County Judge Bruce Dossi proclaimed April 2026 Child Abuse Awareness and Prevention Month and representatives from CASA and the Grayson County Children’s Advocacy Center outlined 2025 service figures and upcoming events.

County Judge Bruce Dossi on the court’s March meeting proclaimed April 2026 as Child Abuse Awareness and Prevention Month in Grayson County, urging residents, schools, faith groups and agencies to work together to protect children.

The proclamation, read by Judge Dossi, cited statewide and local figures and called for collective prevention efforts. "Now, therefore, I Bruce Dossi, County Judge, do hereby proclaim April 2026 as Child Abuse Awareness and Prevention Month in Grayson County, Texas," the judge said while presenting the proclamation to representatives from CASA (Court Appointed Special Advocates) of Grayson County.

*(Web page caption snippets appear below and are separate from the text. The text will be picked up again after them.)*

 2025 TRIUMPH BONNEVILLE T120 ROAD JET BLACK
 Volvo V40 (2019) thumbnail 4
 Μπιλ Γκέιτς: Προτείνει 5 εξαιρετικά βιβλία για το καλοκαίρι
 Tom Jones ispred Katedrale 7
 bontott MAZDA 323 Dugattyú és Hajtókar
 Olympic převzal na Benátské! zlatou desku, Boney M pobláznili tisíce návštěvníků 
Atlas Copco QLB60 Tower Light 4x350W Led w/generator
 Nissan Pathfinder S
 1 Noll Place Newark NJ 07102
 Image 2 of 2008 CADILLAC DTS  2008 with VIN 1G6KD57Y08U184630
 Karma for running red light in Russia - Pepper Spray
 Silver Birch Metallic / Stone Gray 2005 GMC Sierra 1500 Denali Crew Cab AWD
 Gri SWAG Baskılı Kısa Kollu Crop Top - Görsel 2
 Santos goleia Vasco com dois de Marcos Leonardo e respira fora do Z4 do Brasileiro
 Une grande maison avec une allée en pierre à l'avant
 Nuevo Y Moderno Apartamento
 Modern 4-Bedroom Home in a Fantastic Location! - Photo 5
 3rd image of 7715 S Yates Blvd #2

At the podium a CASA board representative, who identified herself as a CASA advocate and the board of directors president, summarized the nonprofit’s 2025 work. She said CASA had 64 volunteers (46 trained advocates), delivered 7,617 instances of advocacy and provided 6,134 hours of direct service to children, and served 126 children in 2025. The speaker listed permanency outcomes for the year — 36 children who found permanency, 17 adopted through foster care, three adopted by relatives and 16 reunified with their families — and said CASA is now serving every Grayson County child in foster care.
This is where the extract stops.